**TASK BRIEF**.
Among the lines of the listing below, retype exactly those from the one containing "86e verjaardag met" through the one containing "Dancer Silhouette Golden", both included. Do not include pictures.

*** Opening of DATA FOR ANALYSIS ***

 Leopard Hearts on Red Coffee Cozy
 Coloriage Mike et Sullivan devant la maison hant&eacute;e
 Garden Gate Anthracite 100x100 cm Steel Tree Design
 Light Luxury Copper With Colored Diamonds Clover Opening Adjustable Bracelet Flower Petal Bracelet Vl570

*** Close of DATA FOR ANALYSIS ***
*** Opening of DATA FOR ANALYSIS ***

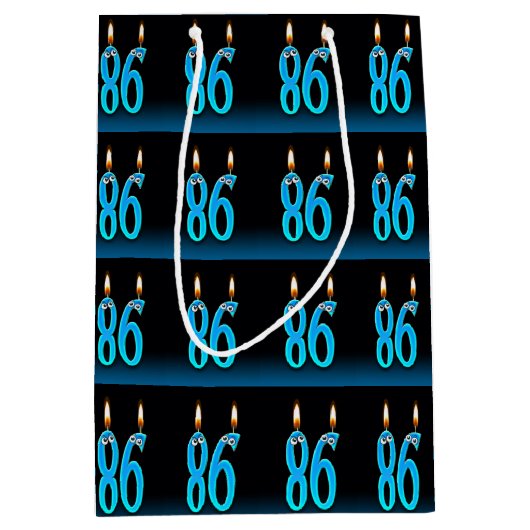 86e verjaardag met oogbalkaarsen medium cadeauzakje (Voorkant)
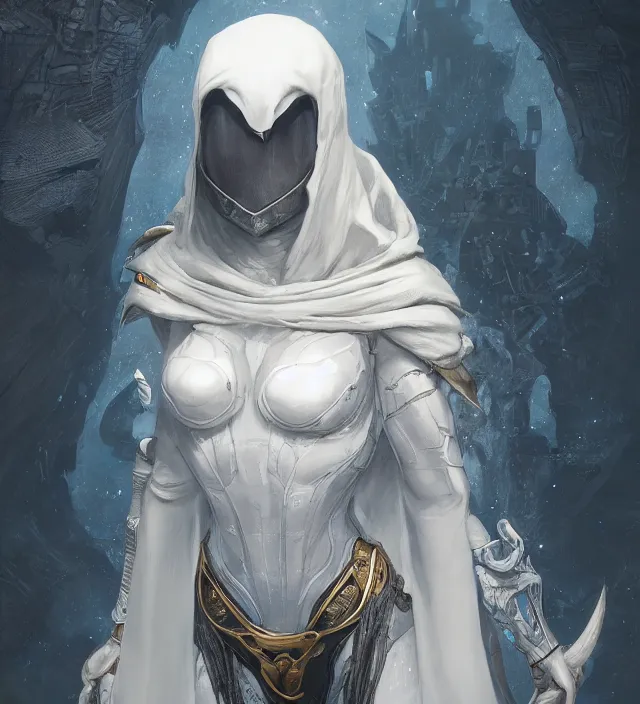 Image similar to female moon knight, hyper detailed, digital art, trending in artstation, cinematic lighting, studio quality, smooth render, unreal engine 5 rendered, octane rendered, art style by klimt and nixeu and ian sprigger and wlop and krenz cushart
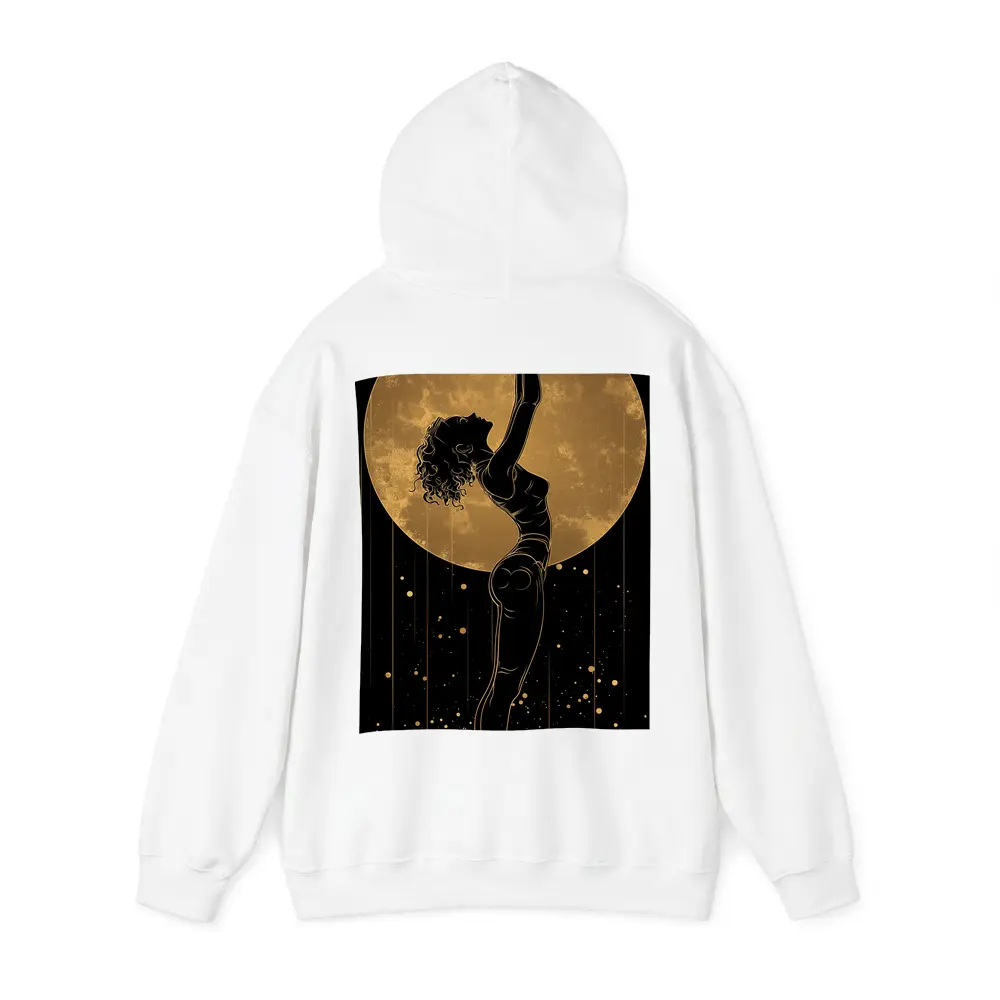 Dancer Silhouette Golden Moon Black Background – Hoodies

*** Close of DATA FOR ANALYSIS ***
*** Opening of DATA FOR ANALYSIS ***

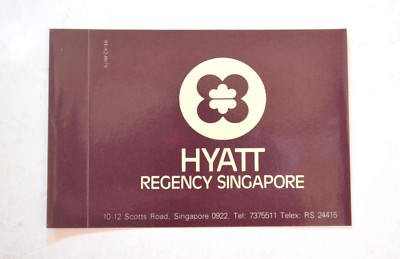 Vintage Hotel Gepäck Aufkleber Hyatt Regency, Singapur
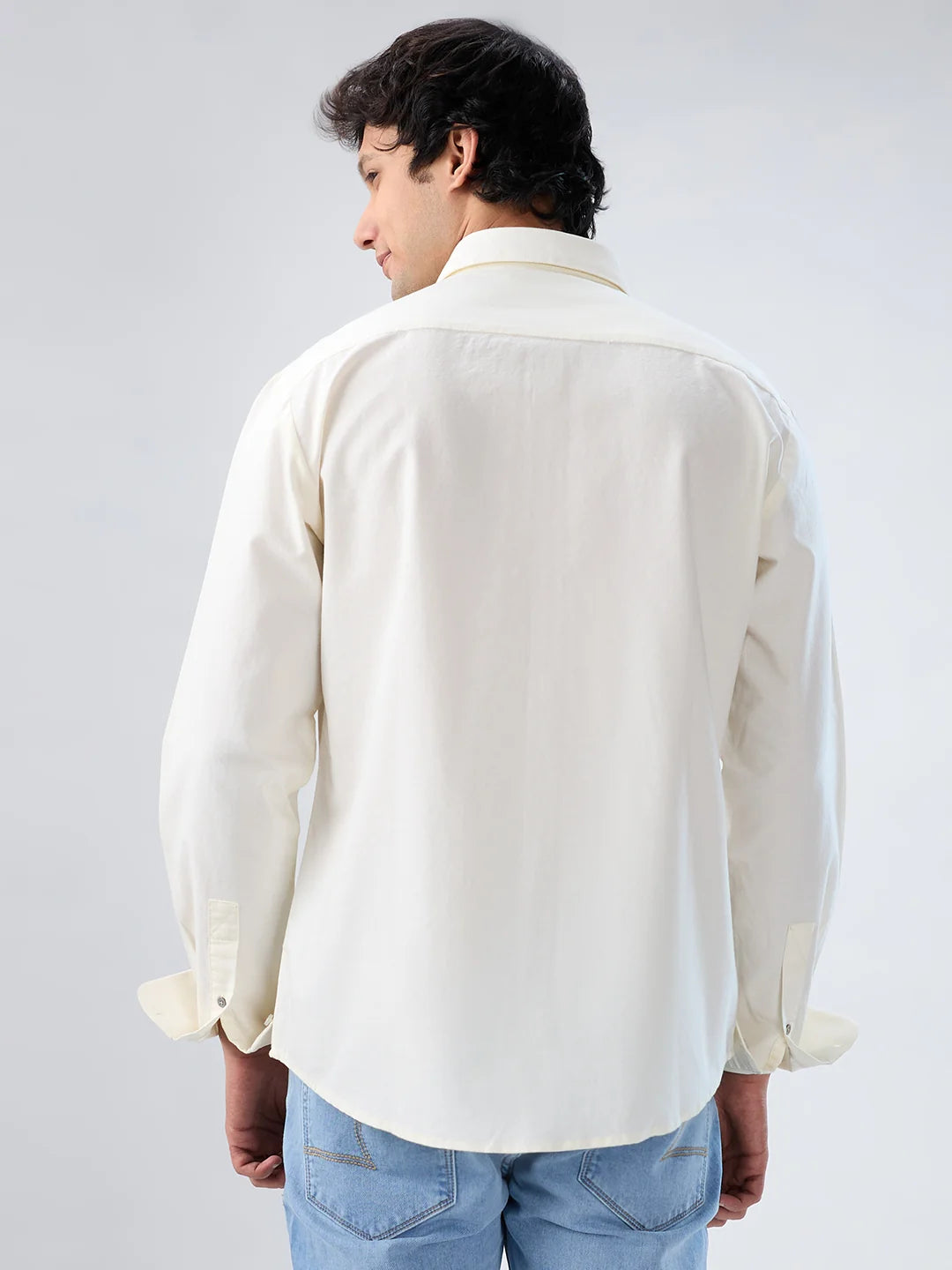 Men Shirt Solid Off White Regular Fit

*** Close of DATA FOR ANALYSIS ***

**RESPONSE BELOW**.
 86e verjaardag met oogbalkaarsen medium cadeauzakje (Voorkant)
 Image similar to female moon knight, hyper detailed, digital art, trending in artstation, cinematic lighting, studio quality, smooth render, unreal engine 5 rendered, octane rendered, art style by klimt and nixeu and ian sprigger and wlop and krenz cushart
 Dancer Silhouette Golden Moon Black Background – Hoodies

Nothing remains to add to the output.